France was an agricultural country, and the economy of the physiocrats was conceived and formulated in the interest of agriculture and mining. Land, according to them, is the source of all wealth; from it comes ultimately all genuinely productive force. Industry, as distinct from agriculture, merely reshapes what nature provides. The movement was essentially a protest against governmental measures that were impoverishing the agricultural and enriched idle parasites. But its underlying philosophy was the idea that economic laws are the true natural laws while other laws are artificial and hence to be limited in scope as far as possible. In an ideal society political organization will be modeled upon the economic pattern set by nature. Ex natura, jus.

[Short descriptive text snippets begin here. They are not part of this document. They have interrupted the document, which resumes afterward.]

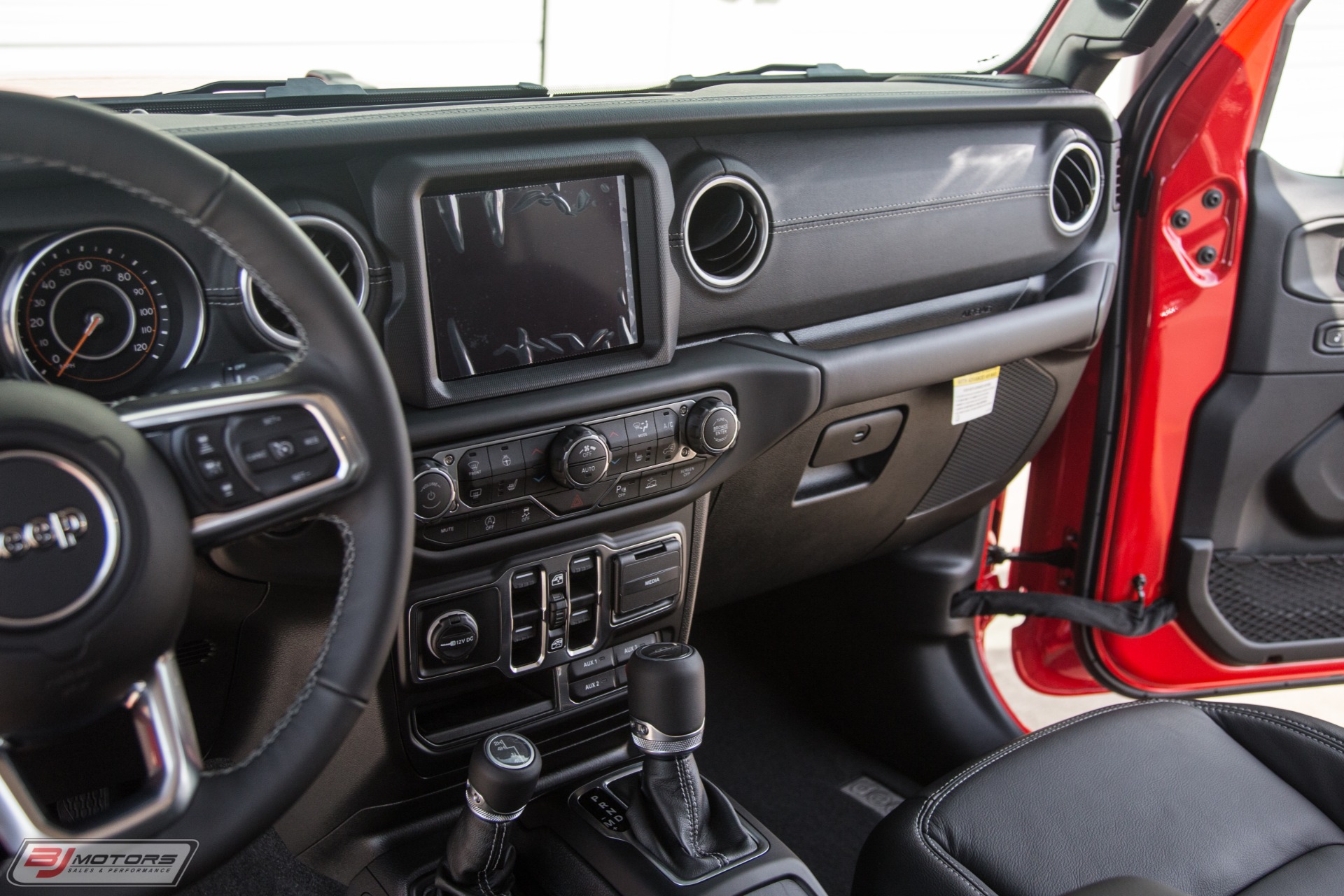 Used-2020-Jeep-Gladiator-Overland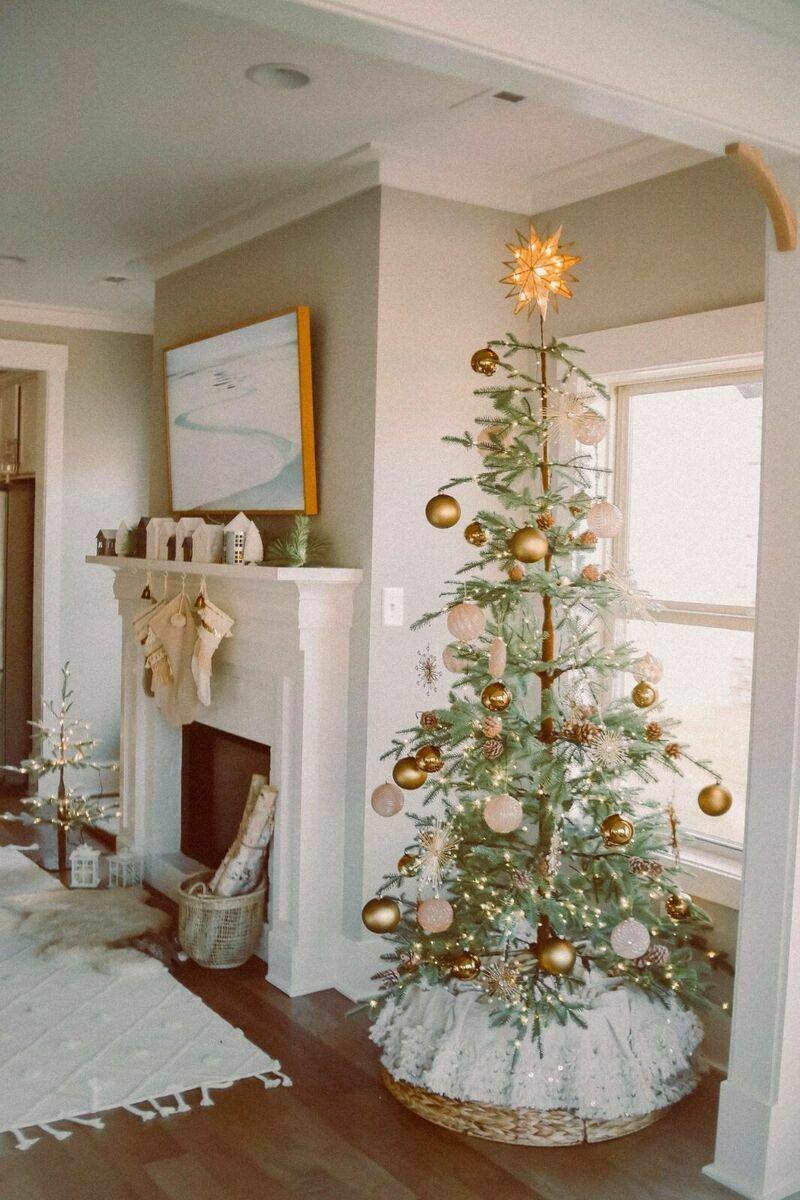 Balsam Hill ARTIFICIAL CHRISTMAS TREES - Alpine Balsam Fir Tree 6.5ft 50% OFF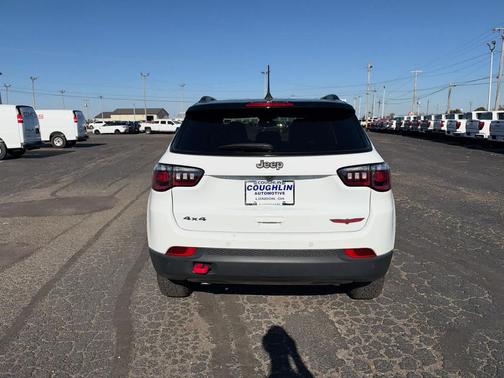 Bright White Clearcoat 2025 Jeep Compass Trailhawk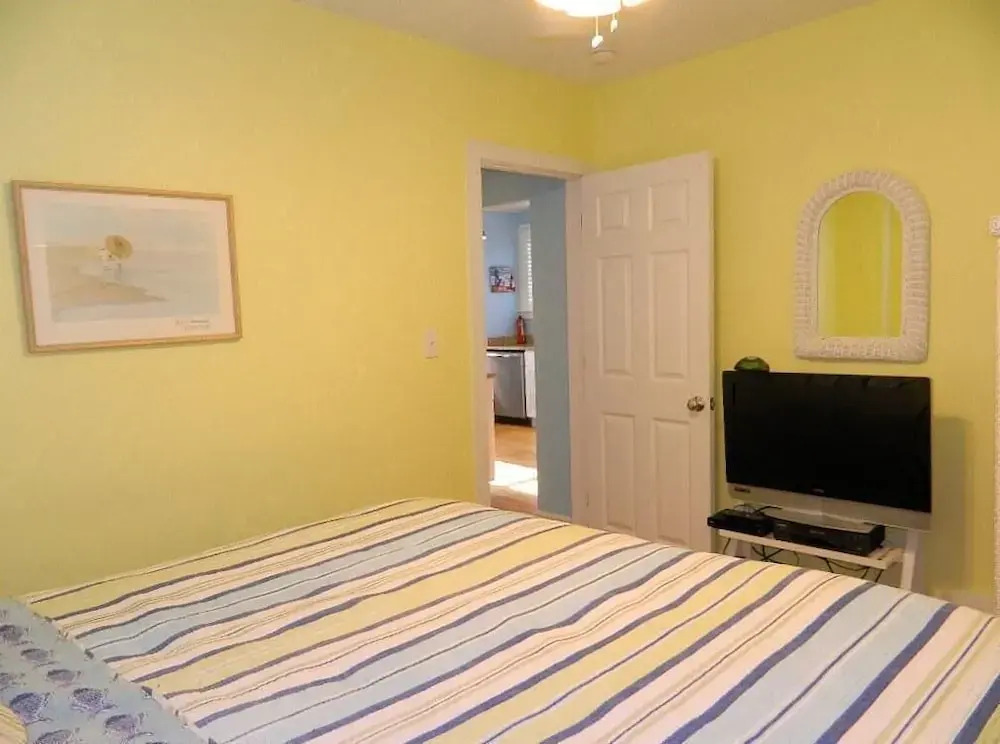 Laurel Street 204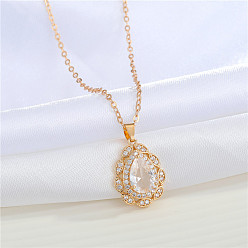 Белый Винтажное шикарное колье-подвеска с кристаллами циркона и микроинкрустацией кристаллами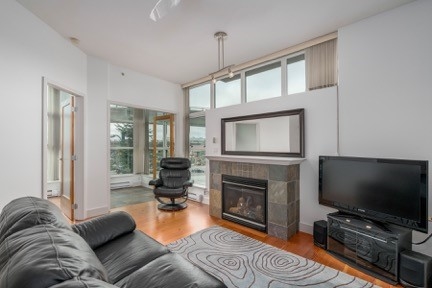 310 8988 HUDSON STREET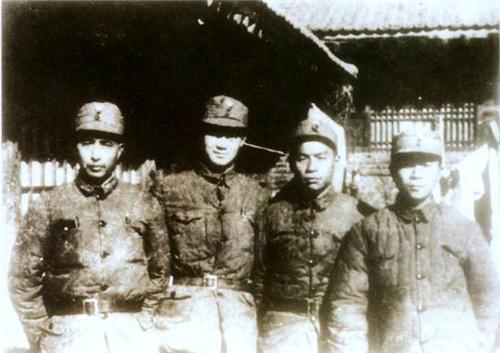 1937年10月，李子芳（左一）在延安抗大三期五队学习时留影.jpg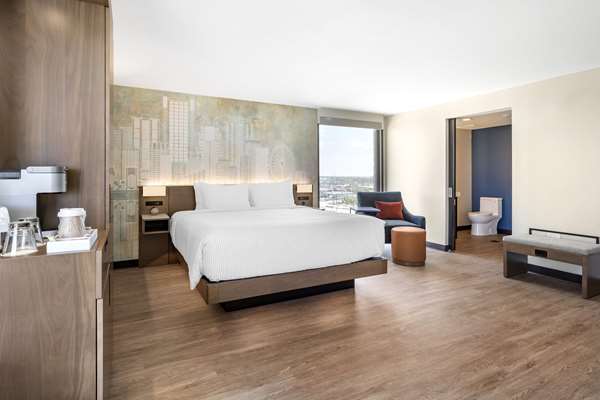  - Cambria Hotel & Suites Universal Studios Orlando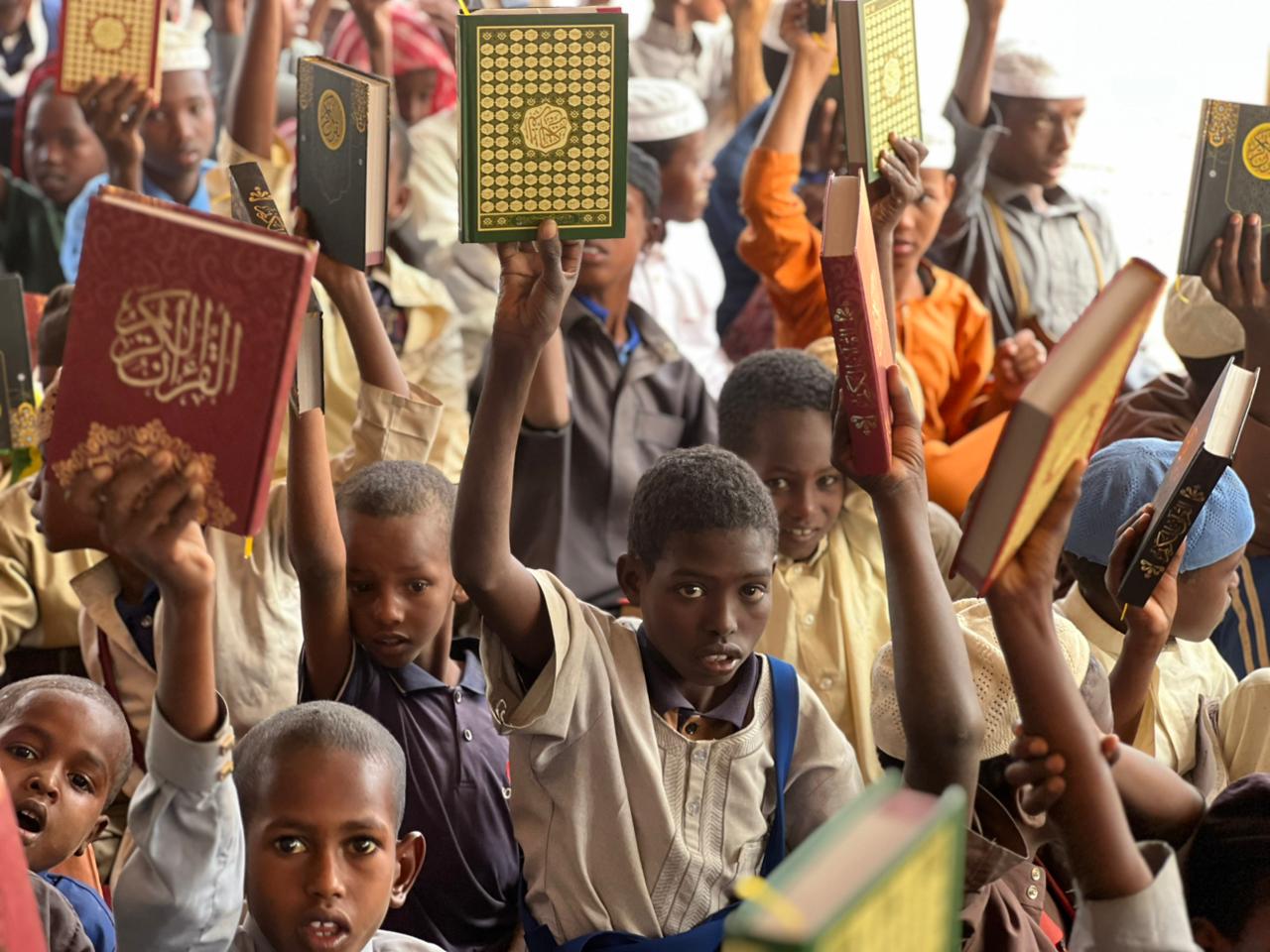 توزيع 500 مصحف  في مخيمات اللاجئين - كينيا
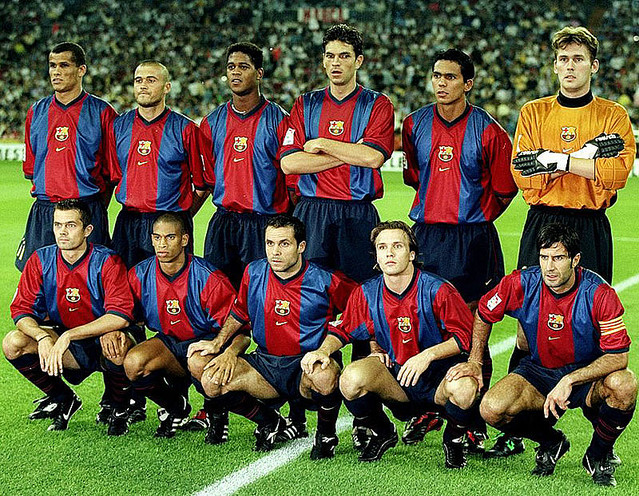 バルセロナ、98-99ユニフォームのリメイク版を発表！オリジナルの画像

Locke had taught that labor, not land, is the source of wealth, and England was passing from an agrarian to an industrialized community. The French doctrine in its own form did not fit into the English scene. But there was no great obstacle against translating the underlying ideal of the identity of natural law with economic law into a form suited to the needs of an industrial community. The shift from land to labor (the expenditure of energy for the satisfaction of wants) required only, from the side of the philosophy of economics, that attention be centered upon human nature, rather than upon physical nature. Psychological laws, based on human nature, are as truly natural as are any laws based on land and physical nature. Land is itself productive only under the influence of the labor put forth in satisfaction of intrinsic human wants. Adam Smith was not himself especially interested in elaborating a formulation of laws in terms of human nature. But he explicitly fell back upon one natural human tendency, sympathy, to find the basis for moreals, and he used other natural impulses, the instincts to better one’s condition and to exchange, to give the foundation of economic theory. The laws of the operations of these natural tendencies, when they are freed from artificial restraints, are the natural laws governing men in their relations to one another. In individuals, the exercise of sympathy in accordance with reason (that is, in Smith’s conception, from the standpoint of an impartial spectator) is the norm of virtuous action. But government cannot appeal to sympathy. The only measures it can employ affect the motive of self-interest. It makes this appeal most effectively when it acts so as to protect individuals in the exercise of their natural self-interest. These ideas, implicit in Smith, were made explicit by his successors: in part by the classical school of economists and in part by Bentham and the Mills, father and son. For a considerable period these two schools worked hand in hand.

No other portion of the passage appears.